Borel et Varenne (tome 1p. 401-408).

La Capitulation.



ls étaient justement sur le point d’entrer dans la chaloupe, quand Vendredi et le second se mirent à crier. Ils les entendirent aussitôt, et leur répondirent tout en courant le long du rivage à l’Ouest, du côté de la voix qu’ils avaient entendue ; mais tout-à-coup ils furent arrêtés par la crique. Les eaux étant hautes, ils ne pouvaient traverser, et firent venir la chaloupe pour les passer sur l’autre bord comme je l’avais prévu.

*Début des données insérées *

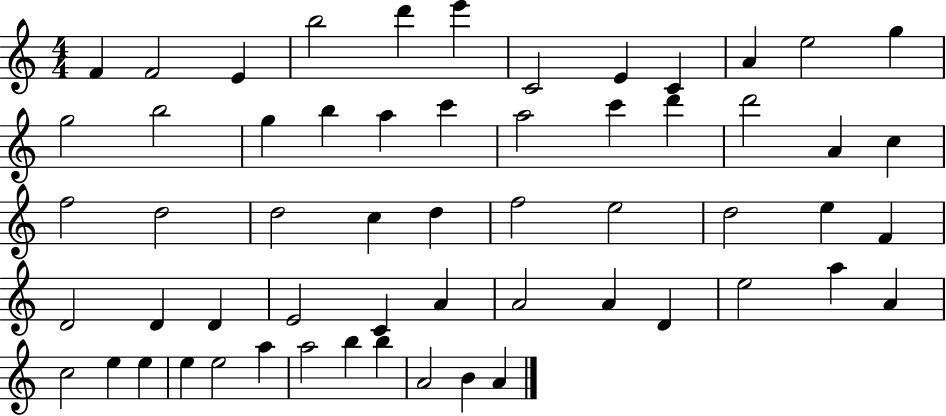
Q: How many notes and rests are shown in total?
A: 58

Quand ils eurent traversé, je remarquai que, la chaloupe ayant été conduite assez avant dans la crique, et pour ainsi dire dans un port, ils prirent avec eux un des trois hommes qui la montaient, et n’en laissèrent seulement que deux, après l’avoir amarrée au tronc d’un petit arbre sur le rivage.

C’était là ce que je souhaitais. Laissant Vendredi et le second du capitaine à leur besogne, j’emmenai sur-le-champ les autres avec moi, et, me rendant en tapinois au-delà de la crique, nous surprîmes les deux matelots avant qu’ils fussent sur leurs gardes, l’un couché sur le rivage, l’autre dans la chaloupe. Celui qui se trouvait à terre flottait entre le sommeil et le réveil ; et, comme il allait se lever, le capitaine, qui était le plus avancé, courut sur lui, l’assomma, et cria à l’autre, qui était dans l’esquif : — « Rends-toi ou tu es mort. »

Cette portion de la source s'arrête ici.